Il y a ensuite les exceptions. Première exception : le licenciement attentatoire à une liberté fondamentale, ou encore à l’interdiction de la discrimination et du harcèlement. Même si les premiers jugements n’en rendent pas compte, il ne fait guère de doute que les salariés, désireux de voir leur préjudice intégralement ou adéquatement réparé, iront sur ces terrains. Avec un possible phénomène de « glissement ». Qu’entendons-nous par là ? Des argumentations juridiques qui, jusqu’à présent, ne faisaient pas ou peu appel aux droits fondamentaux, pourraient glisser vers ce terrain. Par exemple, s’agissant des licenciements reprochant aux salariés d’avoir critiqué en public l’entreprise, sur les réseaux sociaux, voire sur des sites de notation des entreprises, le collaborateur licencié pourrait ne plus se contenter de contester la faute, mais se déplacer plus systématiquement sur le terrain de la liberté d’expression. La Cour de cassation a ainsi reconnu la nullité du licenciement du lanceur d’alerte, en référence à la liberté d’expression. De la même manière, on se souvient que la liberté de se vêtir à sa guise n’a pas le statut de liberté fondamentale ; les salariés pourraient alors se déplacer vers la discrimination à raison de l’apparence physique, qui par exemple avait été invoquée, avec succès, dans l’affaire du salarié licencié au motif qu’il portait une boucle d’oreille. Les salariés pourront-ils aller jusqu’à invoquer le droit à l’emploi, doté d’une valeur constitutionnelle ? La Cour de cassation a pris le soin de préciser qu’il ne s’agit pas d’une liberté fondamentale.

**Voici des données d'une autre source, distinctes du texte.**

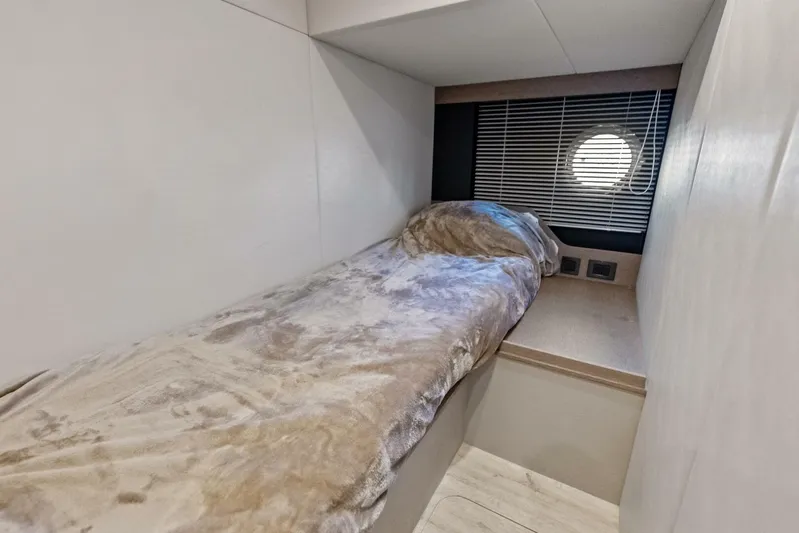 Fantasy Girl Yacht Photos Pics Cozy cabin bed in 2025 Absolute 75 Navetta yacht with porthole and blinds.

Deuxième série d’exceptions : le préjudice distinct. Les salariés vont être tentés d’invoquer, en sus des dommages-intérêts pour licenciement sans cause réelle et sérieuse, une indemnité réparant un préjudice distinct, laquelle pourra se cumuler sans se heurter au plafond. Il peut s’agir de dommages et intérêts pour procédés vexatoires dans les circonstances de la rupture (l’employeur jette les affaires de sa salariée par la fenêtre ou porte atteinte à son honneur en ébruitant au maximum la faute commise), d’une faute de l’employeur à l’origine du motif de la rupture, par exemple dans l’hypothèse où la détérioration de l’état de santé du salarié est imputable au comportement fautif de l’employeur. Une autre voie peut être envisagée : la « découverte » dans le contrat d’obligations implicites. C’est ce qui s’est produit en 1992, lorsque la Cour de cassation a extrait du contrat des obligations implicites d’adaptation et de reclassement qui, toutes deux, sont devenues, quelques années plus tard, des obligations légales, inscrites dans le Code du travail. Or, le manquement à une obligation contractuelle pourrait être constitutif d’un préjudice distinct, la Cour de cassation ayant d’ores et déjà admis que le manquement à l’obligation d’adaptation et de formation constitue un préjudice distinct de celui réparé par l’indemnité pour licenciement sans cause réelle et sérieuse.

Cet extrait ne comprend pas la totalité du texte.